[Records from a data source]

#####

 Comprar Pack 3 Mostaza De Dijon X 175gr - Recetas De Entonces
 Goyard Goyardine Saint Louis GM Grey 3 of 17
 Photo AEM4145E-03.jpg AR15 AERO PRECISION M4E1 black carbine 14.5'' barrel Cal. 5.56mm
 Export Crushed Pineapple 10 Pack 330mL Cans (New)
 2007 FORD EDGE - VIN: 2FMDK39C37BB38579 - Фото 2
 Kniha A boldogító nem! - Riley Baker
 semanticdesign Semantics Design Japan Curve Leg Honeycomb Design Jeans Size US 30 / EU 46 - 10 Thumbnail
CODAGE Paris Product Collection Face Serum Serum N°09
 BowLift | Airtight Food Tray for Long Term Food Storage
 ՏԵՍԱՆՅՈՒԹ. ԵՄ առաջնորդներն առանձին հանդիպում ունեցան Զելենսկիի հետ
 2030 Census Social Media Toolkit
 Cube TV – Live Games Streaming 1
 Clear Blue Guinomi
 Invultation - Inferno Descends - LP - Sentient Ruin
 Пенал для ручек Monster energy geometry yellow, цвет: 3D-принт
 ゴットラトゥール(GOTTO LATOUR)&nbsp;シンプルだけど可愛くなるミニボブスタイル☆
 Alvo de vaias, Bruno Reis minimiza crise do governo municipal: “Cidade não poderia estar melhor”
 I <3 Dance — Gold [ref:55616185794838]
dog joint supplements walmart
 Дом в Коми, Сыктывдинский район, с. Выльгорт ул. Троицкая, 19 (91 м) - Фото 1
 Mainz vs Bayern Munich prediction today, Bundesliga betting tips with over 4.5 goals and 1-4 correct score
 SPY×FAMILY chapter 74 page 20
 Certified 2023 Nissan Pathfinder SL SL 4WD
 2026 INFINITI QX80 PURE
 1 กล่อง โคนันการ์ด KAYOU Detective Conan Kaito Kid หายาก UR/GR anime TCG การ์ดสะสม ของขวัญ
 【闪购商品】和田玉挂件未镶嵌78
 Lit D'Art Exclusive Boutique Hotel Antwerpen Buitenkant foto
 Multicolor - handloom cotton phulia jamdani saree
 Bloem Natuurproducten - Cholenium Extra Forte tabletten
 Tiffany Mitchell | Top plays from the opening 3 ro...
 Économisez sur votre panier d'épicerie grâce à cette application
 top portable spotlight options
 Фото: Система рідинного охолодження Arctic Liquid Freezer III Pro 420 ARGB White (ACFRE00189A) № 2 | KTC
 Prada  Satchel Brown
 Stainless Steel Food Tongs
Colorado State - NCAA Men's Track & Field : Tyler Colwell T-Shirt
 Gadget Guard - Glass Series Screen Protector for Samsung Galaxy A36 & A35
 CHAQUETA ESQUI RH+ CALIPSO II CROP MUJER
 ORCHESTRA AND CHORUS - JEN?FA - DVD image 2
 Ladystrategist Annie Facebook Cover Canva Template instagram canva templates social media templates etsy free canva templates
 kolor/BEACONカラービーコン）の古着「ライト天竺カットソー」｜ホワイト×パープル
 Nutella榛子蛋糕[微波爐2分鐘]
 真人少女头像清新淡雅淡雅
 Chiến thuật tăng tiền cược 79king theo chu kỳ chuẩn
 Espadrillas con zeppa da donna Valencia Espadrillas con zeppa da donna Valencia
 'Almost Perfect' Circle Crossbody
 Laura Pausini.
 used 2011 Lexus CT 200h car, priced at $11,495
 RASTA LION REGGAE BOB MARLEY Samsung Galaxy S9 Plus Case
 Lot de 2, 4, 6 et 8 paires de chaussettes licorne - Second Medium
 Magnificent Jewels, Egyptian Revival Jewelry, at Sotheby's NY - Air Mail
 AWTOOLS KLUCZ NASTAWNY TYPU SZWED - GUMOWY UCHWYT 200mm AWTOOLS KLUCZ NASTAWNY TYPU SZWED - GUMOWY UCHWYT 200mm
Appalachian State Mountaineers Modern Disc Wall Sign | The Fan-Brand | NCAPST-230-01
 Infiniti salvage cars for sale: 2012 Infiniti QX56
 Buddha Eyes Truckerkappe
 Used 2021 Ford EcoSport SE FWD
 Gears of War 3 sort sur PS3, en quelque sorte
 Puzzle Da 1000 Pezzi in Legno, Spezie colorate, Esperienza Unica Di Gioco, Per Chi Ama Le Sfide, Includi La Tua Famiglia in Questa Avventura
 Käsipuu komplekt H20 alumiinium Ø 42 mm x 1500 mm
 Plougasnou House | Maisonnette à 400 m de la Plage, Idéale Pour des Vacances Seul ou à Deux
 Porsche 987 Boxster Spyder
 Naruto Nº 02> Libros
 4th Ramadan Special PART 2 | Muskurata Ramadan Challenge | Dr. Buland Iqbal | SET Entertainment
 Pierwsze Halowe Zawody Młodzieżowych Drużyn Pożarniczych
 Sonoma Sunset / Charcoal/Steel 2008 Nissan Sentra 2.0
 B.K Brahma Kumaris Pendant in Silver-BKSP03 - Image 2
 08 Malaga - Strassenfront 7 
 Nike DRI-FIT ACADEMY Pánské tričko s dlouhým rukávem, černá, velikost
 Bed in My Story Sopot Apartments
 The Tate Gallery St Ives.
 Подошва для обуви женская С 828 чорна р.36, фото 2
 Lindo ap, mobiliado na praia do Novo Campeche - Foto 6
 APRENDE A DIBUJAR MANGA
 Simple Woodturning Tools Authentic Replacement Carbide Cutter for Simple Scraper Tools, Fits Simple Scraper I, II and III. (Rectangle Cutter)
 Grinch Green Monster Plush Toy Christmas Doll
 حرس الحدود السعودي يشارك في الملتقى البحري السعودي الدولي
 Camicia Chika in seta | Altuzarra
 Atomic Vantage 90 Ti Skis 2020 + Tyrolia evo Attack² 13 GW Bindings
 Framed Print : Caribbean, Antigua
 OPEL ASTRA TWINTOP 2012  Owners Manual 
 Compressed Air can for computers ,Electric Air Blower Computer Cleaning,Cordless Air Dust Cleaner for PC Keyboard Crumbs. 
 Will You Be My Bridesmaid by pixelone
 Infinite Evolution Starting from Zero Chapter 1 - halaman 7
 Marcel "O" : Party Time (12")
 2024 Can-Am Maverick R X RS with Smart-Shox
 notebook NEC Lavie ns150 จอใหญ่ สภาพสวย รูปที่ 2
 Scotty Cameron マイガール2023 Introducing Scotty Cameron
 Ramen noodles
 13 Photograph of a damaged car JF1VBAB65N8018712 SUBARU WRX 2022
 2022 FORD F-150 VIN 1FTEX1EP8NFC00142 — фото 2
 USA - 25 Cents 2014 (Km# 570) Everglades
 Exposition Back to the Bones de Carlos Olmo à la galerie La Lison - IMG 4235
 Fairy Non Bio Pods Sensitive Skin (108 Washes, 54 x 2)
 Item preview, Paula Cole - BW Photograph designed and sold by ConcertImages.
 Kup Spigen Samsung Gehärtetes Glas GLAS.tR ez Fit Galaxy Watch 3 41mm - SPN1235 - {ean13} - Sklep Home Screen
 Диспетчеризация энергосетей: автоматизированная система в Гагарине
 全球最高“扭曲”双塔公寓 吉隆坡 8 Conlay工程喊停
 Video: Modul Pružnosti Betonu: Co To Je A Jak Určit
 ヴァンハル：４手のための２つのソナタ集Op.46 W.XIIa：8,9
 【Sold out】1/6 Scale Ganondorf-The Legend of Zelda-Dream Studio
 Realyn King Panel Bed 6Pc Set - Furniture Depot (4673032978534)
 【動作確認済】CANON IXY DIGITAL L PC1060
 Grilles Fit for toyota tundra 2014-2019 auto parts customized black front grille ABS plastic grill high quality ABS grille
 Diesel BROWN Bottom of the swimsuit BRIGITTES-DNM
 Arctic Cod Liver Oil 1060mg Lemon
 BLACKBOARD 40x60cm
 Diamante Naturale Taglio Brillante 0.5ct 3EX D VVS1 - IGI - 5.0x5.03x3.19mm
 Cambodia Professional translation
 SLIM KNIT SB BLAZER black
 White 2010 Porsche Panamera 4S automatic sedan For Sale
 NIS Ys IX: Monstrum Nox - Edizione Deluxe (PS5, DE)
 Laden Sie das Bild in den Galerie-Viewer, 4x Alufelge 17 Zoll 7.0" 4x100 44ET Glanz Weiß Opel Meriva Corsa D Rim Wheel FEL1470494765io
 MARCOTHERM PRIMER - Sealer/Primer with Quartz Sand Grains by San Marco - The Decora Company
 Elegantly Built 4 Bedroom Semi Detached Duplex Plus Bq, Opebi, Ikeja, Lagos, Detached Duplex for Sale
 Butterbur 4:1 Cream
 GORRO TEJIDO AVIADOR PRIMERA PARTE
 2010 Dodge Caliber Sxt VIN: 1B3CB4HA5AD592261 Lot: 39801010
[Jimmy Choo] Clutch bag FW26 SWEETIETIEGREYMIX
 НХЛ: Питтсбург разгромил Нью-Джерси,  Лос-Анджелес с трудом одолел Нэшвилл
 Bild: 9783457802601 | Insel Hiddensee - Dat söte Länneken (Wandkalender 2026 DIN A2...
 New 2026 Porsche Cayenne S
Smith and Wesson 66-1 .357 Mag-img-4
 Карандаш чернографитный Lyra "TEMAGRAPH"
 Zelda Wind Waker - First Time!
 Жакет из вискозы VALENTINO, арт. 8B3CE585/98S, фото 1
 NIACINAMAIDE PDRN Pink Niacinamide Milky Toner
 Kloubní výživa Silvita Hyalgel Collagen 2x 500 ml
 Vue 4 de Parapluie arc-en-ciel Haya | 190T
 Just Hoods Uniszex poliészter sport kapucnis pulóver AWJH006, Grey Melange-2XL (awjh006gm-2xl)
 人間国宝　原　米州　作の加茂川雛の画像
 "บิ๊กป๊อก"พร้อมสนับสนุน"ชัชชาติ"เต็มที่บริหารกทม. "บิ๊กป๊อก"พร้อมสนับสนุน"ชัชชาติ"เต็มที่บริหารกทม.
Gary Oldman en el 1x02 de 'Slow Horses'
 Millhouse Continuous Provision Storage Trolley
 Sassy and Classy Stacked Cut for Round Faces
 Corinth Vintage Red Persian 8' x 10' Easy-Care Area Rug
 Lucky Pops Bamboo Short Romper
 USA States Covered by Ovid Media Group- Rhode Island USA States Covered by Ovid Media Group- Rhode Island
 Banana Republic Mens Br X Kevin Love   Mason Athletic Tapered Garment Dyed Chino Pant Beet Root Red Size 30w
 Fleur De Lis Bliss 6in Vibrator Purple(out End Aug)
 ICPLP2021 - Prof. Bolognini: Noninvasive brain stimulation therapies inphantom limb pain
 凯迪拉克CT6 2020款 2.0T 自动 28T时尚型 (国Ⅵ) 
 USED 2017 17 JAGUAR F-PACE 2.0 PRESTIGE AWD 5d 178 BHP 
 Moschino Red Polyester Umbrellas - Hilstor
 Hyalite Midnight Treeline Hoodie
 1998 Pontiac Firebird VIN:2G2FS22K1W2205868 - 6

#####

◆ Work to complete ◆
For this exercise, please output exactly the lines above starting at the line with "Laden Sie das" and ending at the line with "GORRO TEJIDO AVIADOR PRIMERA PARTE", ends included.

◆ Exercise response ◆
 Laden Sie das Bild in den Galerie-Viewer, 4x Alufelge 17 Zoll 7.0" 4x100 44ET Glanz Weiß Opel Meriva Corsa D Rim Wheel FEL1470494765io
 MARCOTHERM PRIMER - Sealer/Primer with Quartz Sand Grains by San Marco - The Decora Company
 Elegantly Built 4 Bedroom Semi Detached Duplex Plus Bq, Opebi, Ikeja, Lagos, Detached Duplex for Sale
 Butterbur 4:1 Cream
 GORRO TEJIDO AVIADOR PRIMERA PARTE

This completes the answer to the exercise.